START The records

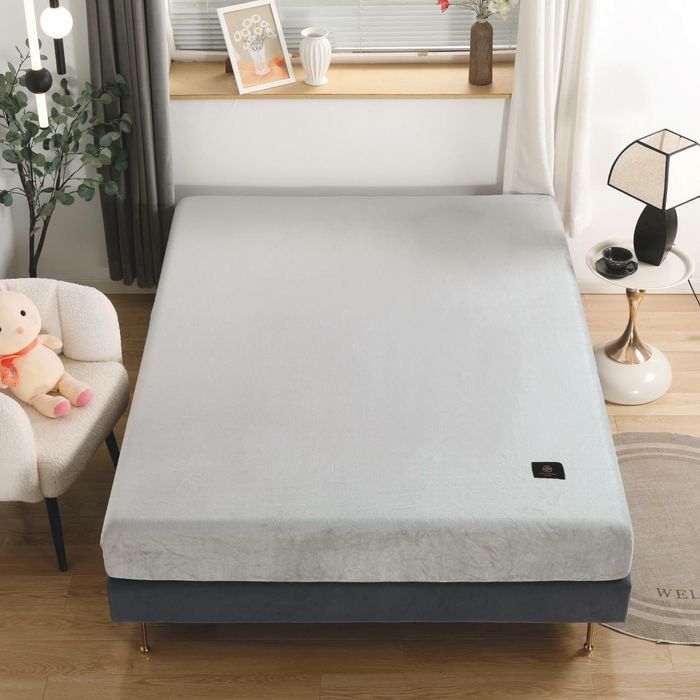 Велюрове простирадло на резинці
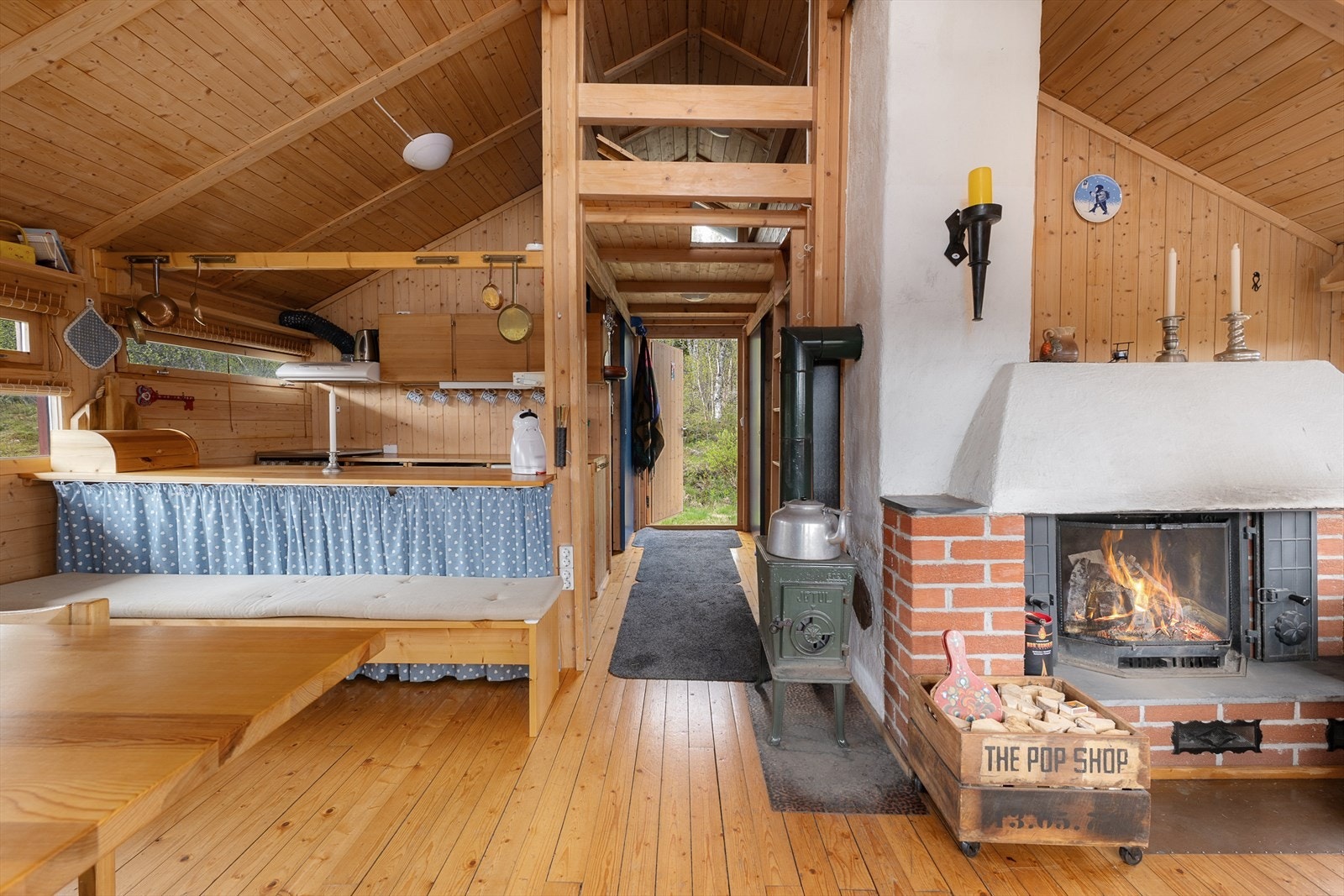 Kjøkken ligger i delvis åpen løsning til stuen
. Galleribilde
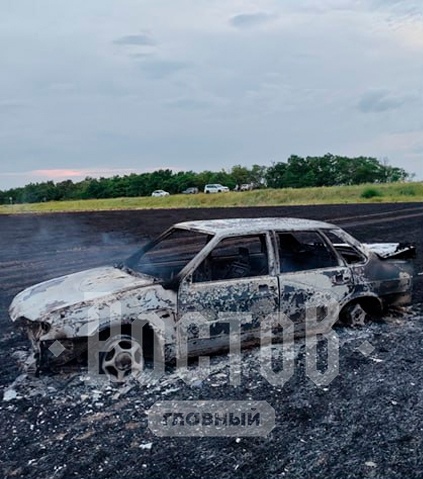 В Ростовской области сторож нечаянно сжег фермерское поле и свою машину во время поиска поджигателей. 
..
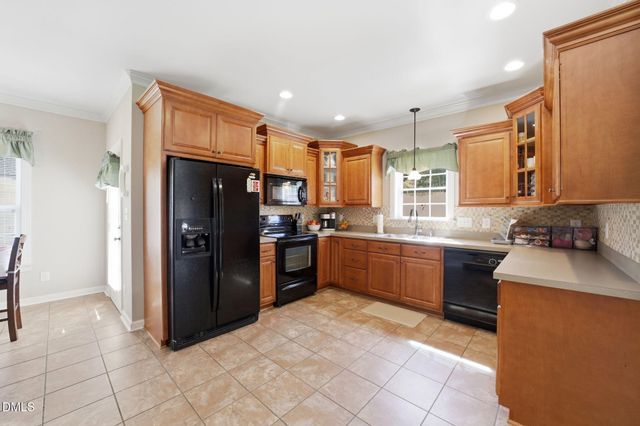 323 Windgate Dr, Clayton, NC 27527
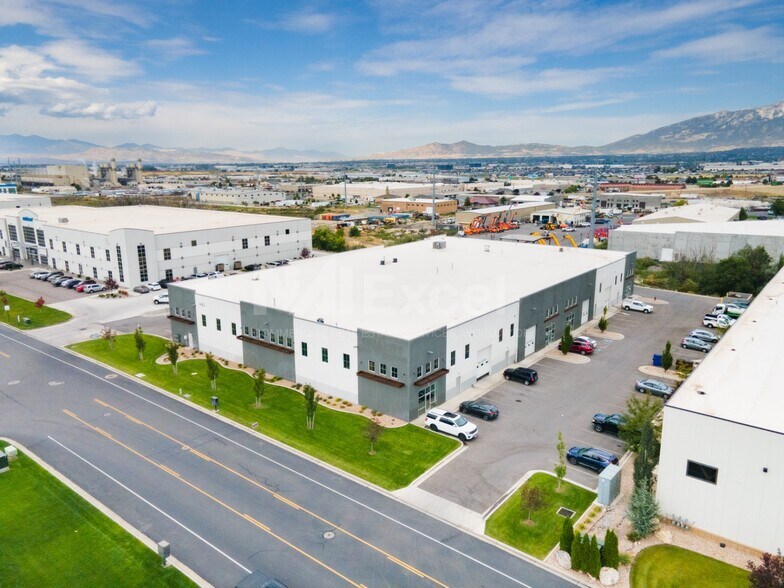 441 E 1750 N, Vineyard, UT à louer - Photo du bâtiment - Image 2 de 4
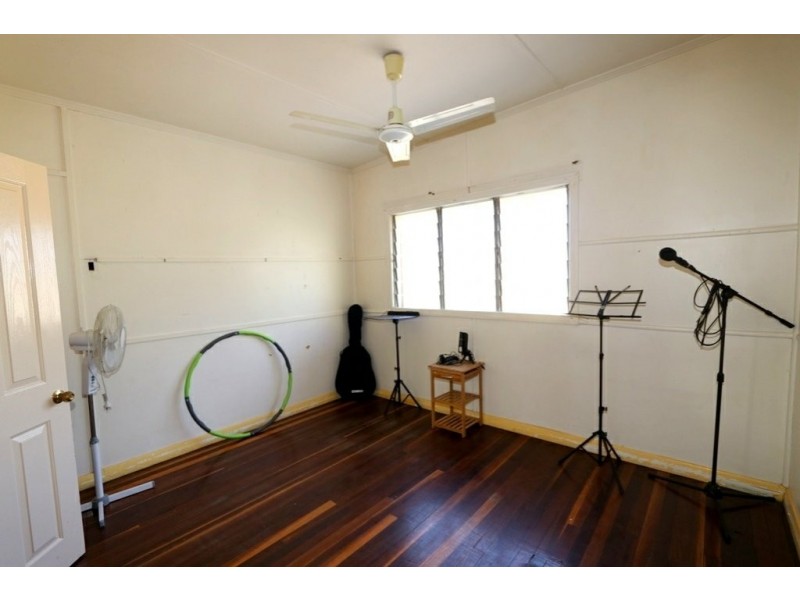 70A Baker Street, Emerald QLD 4720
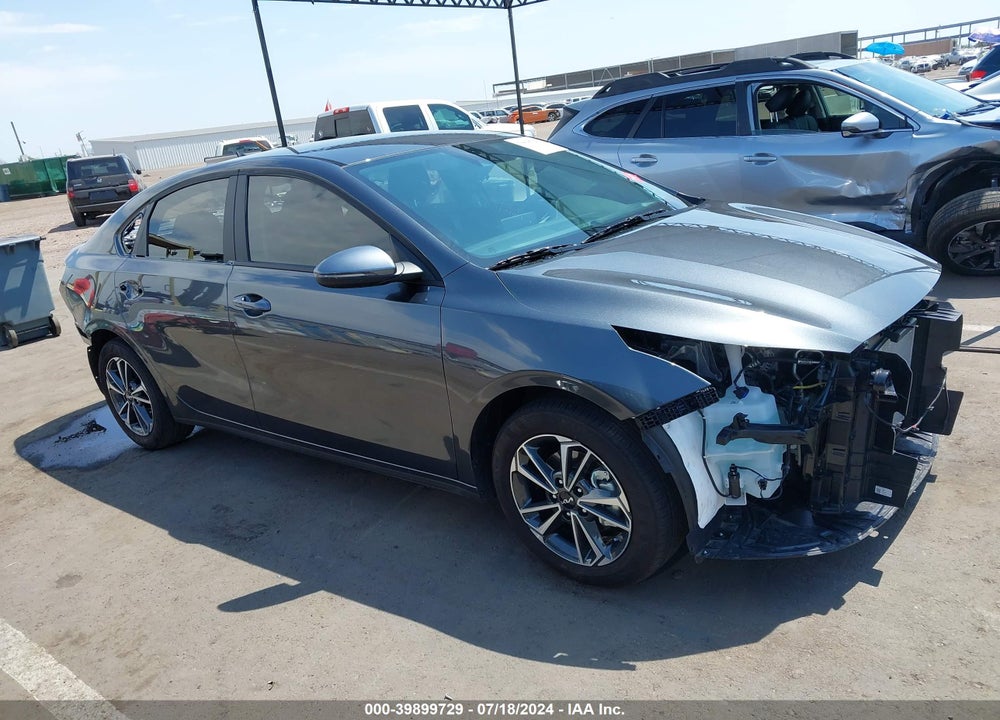 2024 KIA FORTE LXS VIN: 3KPF24AD2RE772372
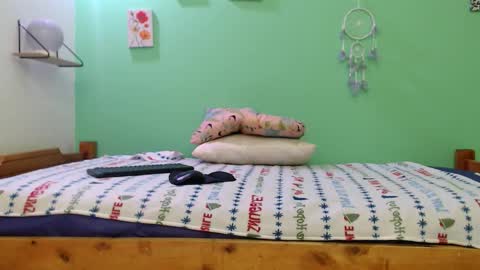 Angel Cute online show from December 19, 2025, 7:21 pm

END The records

What you return should be the whole listing, word for word, without its pictures.

> _Answer to this exercise_:
 Велюрове простирадло на резинці
 Kjøkken ligger i delvis åpen løsning til stuen
. Galleribilde
 В Ростовской области сторож нечаянно сжег фермерское поле и свою машину во время поиска поджигателей. 
..
 323 Windgate Dr, Clayton, NC 27527
 441 E 1750 N, Vineyard, UT à louer - Photo du bâtiment - Image 2 de 4
 70A Baker Street, Emerald QLD 4720
 2024 KIA FORTE LXS VIN: 3KPF24AD2RE772372
 Angel Cute online show from December 19, 2025, 7:21 pm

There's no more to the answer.